It took two years to strip the interior of the building back to its original elements, removing nearly 40 tons in layers of drywall, plywood and plaster. This care allowed us to recover pieces of original millwork and construction lumber re-used when modifications were made, along with ritual objects and other fragments of the building's past.

Where possible we recovered sequences of wallpaper, paying special attention to newspaper used to underlay some layers which provided dates for the wallpaper. Dated wallpaper layers also helped identify when interior partitions were added and removed (mainly in the upstairs and downstairs store).
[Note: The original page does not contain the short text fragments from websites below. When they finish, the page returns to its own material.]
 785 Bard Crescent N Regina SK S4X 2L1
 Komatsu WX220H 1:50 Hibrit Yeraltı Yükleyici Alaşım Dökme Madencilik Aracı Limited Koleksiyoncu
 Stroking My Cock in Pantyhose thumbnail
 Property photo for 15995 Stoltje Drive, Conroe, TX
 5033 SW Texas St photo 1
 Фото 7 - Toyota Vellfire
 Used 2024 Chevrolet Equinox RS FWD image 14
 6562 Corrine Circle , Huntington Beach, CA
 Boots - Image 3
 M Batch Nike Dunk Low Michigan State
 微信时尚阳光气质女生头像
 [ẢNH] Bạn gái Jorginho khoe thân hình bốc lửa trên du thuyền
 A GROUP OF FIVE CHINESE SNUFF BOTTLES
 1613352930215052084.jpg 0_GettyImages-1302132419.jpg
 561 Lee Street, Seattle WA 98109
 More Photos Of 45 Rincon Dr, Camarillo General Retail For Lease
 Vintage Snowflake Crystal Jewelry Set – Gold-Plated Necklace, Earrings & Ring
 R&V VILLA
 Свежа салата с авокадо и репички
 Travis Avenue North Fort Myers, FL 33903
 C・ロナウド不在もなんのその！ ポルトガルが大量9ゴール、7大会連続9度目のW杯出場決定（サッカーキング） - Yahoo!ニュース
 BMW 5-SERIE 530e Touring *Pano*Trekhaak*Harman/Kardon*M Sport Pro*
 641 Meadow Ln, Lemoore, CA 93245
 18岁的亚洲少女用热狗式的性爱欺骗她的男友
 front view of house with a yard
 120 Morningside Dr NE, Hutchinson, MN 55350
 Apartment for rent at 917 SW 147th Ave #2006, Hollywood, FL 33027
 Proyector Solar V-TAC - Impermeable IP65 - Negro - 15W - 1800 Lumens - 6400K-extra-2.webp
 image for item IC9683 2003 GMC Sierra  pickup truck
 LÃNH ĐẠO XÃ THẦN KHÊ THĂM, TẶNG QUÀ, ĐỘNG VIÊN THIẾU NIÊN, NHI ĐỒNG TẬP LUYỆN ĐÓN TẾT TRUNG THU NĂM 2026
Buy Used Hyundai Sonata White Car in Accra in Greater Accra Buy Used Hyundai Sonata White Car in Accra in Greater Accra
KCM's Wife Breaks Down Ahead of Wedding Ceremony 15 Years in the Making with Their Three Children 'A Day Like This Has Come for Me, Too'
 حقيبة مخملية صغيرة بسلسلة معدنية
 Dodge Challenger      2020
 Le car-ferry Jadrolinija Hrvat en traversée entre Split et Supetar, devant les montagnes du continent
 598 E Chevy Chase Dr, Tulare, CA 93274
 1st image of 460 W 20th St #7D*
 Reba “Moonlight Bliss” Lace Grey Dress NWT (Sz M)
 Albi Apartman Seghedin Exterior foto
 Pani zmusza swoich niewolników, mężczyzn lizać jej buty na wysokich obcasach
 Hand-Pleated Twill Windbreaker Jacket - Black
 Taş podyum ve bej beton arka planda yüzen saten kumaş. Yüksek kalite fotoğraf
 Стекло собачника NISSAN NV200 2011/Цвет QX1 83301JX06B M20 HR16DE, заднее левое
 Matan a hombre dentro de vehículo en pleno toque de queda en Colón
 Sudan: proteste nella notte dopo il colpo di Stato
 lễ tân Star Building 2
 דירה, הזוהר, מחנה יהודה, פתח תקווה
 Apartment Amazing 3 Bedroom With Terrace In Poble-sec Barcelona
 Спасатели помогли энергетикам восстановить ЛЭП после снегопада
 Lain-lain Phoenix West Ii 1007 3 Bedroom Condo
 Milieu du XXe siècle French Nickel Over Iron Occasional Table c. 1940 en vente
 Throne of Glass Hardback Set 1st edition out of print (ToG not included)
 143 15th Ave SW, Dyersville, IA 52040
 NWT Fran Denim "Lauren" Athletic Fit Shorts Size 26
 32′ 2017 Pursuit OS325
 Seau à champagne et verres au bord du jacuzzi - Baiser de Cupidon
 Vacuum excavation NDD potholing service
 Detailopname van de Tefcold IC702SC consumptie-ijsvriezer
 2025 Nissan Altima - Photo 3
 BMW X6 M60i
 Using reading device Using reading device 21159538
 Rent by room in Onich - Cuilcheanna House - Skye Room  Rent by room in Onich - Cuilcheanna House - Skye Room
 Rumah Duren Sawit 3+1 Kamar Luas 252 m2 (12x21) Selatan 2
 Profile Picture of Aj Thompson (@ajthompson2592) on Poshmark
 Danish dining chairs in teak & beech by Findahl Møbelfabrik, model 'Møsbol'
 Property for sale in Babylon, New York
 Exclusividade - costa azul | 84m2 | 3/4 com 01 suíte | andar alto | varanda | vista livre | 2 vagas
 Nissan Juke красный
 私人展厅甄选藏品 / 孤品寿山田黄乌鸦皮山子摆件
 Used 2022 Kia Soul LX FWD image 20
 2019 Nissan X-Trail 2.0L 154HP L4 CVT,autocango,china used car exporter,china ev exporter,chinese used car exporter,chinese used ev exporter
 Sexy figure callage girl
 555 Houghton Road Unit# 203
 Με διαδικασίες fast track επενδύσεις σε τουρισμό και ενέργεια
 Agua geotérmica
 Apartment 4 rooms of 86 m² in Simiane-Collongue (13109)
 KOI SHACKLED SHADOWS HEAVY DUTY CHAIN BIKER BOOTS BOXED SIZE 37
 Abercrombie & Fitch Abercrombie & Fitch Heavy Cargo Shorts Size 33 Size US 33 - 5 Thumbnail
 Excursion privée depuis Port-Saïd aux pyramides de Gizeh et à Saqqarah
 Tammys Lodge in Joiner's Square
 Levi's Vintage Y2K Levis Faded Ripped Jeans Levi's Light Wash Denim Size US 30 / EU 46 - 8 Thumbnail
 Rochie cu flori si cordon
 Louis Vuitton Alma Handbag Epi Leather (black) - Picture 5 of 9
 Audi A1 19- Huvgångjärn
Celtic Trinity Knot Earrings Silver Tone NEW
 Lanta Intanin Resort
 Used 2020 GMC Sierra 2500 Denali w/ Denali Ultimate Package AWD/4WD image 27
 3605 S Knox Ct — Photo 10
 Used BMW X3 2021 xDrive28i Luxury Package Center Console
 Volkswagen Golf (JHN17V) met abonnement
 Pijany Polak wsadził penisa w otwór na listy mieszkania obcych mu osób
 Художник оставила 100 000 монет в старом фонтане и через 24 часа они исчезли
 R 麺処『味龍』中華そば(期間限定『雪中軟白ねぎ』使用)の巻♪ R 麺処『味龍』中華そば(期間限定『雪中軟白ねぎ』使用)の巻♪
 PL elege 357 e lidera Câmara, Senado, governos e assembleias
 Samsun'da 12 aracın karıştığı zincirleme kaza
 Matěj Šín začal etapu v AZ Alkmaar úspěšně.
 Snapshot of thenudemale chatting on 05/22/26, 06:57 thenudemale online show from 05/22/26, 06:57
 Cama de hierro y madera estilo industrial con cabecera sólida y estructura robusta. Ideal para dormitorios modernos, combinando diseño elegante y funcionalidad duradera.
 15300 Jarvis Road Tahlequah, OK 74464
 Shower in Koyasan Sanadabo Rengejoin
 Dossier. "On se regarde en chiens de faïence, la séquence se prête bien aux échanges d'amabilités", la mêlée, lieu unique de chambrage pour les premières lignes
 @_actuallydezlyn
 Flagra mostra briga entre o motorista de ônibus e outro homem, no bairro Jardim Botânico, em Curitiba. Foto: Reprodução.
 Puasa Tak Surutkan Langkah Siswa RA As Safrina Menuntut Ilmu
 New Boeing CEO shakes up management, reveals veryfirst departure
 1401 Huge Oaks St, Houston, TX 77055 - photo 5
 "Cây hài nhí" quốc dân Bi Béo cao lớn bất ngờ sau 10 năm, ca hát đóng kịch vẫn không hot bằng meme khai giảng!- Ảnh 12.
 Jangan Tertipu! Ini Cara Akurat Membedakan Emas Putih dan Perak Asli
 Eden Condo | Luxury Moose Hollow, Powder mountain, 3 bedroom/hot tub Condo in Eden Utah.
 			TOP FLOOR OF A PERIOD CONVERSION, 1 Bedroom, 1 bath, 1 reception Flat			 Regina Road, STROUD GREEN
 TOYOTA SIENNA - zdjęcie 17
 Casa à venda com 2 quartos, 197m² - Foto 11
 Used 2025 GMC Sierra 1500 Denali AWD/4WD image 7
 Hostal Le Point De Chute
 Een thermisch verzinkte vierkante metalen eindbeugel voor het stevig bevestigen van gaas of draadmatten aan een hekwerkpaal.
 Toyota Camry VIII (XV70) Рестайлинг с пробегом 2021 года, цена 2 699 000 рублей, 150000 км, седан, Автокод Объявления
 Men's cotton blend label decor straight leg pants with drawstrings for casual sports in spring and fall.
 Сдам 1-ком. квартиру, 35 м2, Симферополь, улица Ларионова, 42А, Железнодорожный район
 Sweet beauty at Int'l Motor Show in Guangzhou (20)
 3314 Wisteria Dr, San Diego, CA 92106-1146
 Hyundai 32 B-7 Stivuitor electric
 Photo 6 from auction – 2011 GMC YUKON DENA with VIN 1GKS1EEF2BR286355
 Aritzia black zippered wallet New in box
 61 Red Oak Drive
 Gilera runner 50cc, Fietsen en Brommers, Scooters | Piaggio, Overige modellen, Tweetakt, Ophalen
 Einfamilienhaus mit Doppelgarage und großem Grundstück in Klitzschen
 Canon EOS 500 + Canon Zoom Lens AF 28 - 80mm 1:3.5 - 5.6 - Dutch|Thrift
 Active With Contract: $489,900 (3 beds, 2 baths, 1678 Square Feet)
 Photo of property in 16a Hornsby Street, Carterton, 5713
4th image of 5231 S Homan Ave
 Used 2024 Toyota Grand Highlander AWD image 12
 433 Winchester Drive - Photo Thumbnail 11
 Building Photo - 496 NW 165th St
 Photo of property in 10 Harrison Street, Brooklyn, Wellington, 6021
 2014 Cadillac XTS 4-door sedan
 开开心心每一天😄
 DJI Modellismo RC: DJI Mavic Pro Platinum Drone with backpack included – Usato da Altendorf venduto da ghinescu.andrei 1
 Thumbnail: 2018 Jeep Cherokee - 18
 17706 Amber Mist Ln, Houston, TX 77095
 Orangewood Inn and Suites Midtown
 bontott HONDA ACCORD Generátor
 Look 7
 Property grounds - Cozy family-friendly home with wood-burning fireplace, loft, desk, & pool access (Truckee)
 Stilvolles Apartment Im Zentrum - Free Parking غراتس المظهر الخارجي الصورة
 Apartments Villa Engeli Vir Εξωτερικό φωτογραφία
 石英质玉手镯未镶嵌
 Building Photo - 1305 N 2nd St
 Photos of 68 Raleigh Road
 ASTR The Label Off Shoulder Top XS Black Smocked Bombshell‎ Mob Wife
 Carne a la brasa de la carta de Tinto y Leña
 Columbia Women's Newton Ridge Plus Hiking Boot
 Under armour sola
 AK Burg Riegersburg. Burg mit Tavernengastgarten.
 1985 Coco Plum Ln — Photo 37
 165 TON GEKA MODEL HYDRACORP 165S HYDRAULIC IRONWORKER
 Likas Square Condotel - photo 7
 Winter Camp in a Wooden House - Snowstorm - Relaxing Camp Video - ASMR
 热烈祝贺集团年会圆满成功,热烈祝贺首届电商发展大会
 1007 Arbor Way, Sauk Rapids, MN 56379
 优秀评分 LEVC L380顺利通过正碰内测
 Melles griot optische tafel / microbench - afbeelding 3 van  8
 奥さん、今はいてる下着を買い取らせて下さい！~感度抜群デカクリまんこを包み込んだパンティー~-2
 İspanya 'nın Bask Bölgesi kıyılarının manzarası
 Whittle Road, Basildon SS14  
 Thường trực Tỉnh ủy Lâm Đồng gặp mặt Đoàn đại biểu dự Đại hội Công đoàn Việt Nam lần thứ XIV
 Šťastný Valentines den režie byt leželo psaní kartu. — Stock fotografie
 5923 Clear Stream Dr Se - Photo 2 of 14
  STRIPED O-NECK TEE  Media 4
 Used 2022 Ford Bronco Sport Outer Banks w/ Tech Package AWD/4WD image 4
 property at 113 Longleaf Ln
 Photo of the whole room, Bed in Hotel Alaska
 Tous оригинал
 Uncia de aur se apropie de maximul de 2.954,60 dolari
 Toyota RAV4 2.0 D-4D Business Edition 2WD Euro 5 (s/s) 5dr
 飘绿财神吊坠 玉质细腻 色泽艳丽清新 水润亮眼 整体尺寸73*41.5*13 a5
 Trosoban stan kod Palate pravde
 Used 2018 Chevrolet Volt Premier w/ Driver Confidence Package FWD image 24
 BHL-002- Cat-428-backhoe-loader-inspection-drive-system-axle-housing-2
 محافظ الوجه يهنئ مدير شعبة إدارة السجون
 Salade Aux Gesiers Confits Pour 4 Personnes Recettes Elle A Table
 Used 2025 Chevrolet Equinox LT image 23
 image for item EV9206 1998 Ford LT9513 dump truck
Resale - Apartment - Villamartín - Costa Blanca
We were extremely fortunate for the efforts of Eric Rebiere, an avid metal detectorist. In 2012 he volunteered to scan areas of ground we would be excavating in restoration of the building. Aside from the many metal finds, he has also painstakingly re-assembled many ceramic objects from pottery fragments.

We recovered tokens and buttons from around the foundation wall. Under the basement floor we found keg spigots and whiskey bottles from tavern days, and many pottery fragments spanning from the mid-18th century through to turn-of-the-century hotel ware.

Particularly on the plank walls of the store, there was extensive graffiti dating from about 1830 through to 1854. After this time the plank walls were wallpapered.

Finally, sections of timbers too rotten to keep in the building were sent to the Cornell Tree Ring Laboratory in Ithaca, NY. The results of dendrochronology show all the timbers of the building were felled in the winter of 1816/1817.